Input data Start Marker
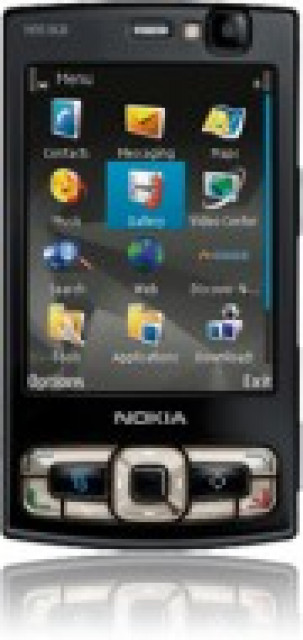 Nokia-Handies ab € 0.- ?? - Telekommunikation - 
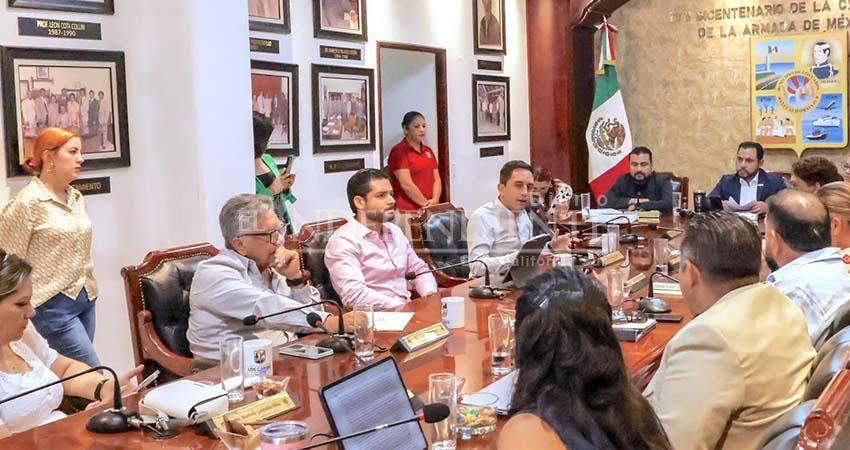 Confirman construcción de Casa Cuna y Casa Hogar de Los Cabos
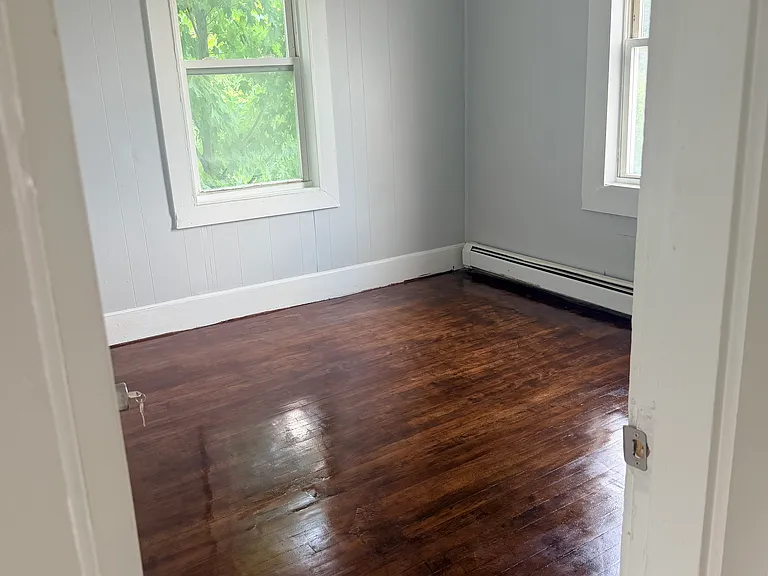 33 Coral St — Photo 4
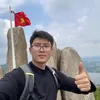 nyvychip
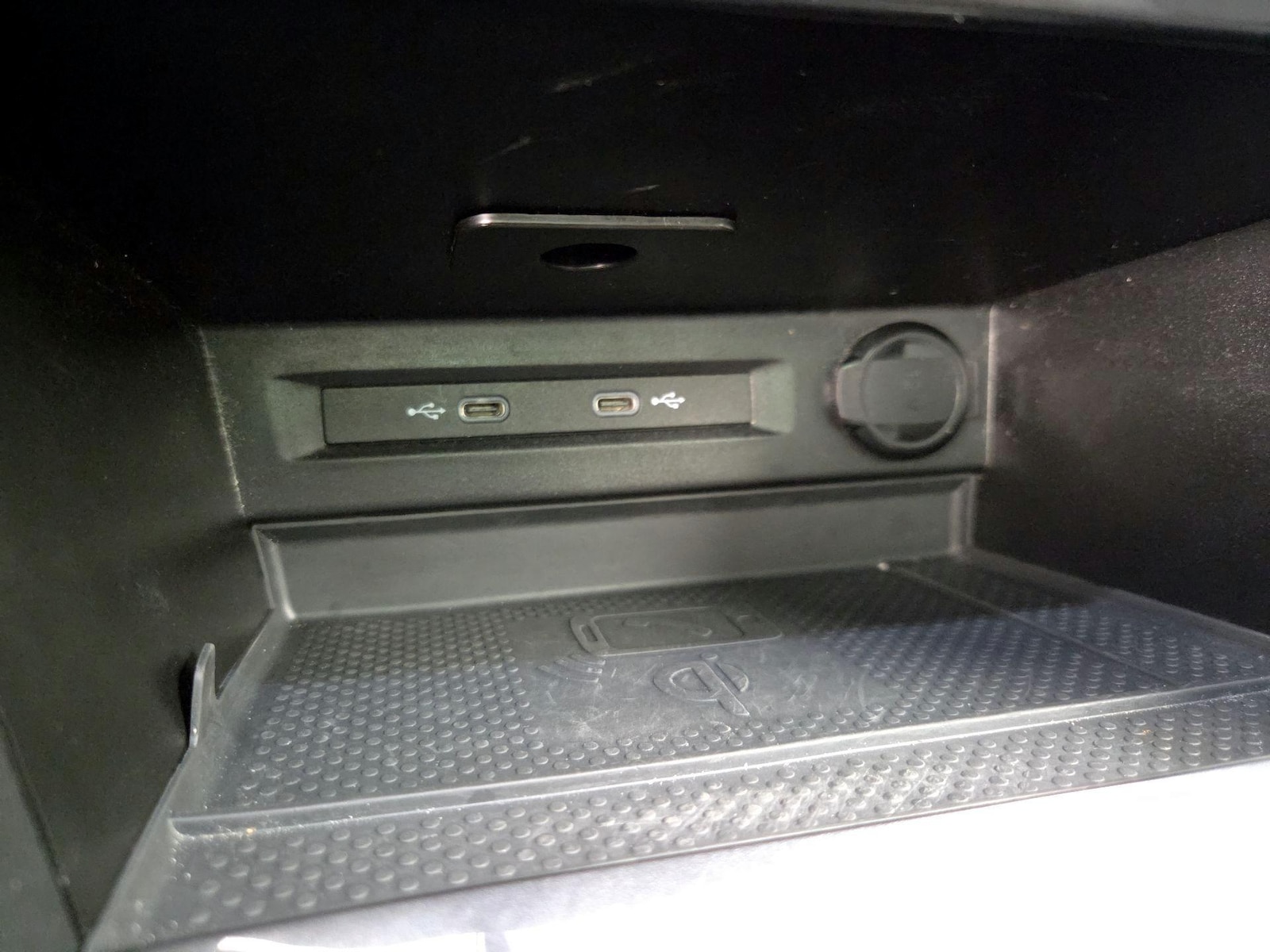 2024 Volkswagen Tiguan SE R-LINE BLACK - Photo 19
Input data End Marker
What you are asked to do: Write out only the lines from the one that contains "Confirman construcción de" through the last line of the records above, both included, word for word and without the pictures.

Response for this exercise:
 Confirman construcción de Casa Cuna y Casa Hogar de Los Cabos
 33 Coral St — Photo 4
 nyvychip
 2024 Volkswagen Tiguan SE R-LINE BLACK - Photo 19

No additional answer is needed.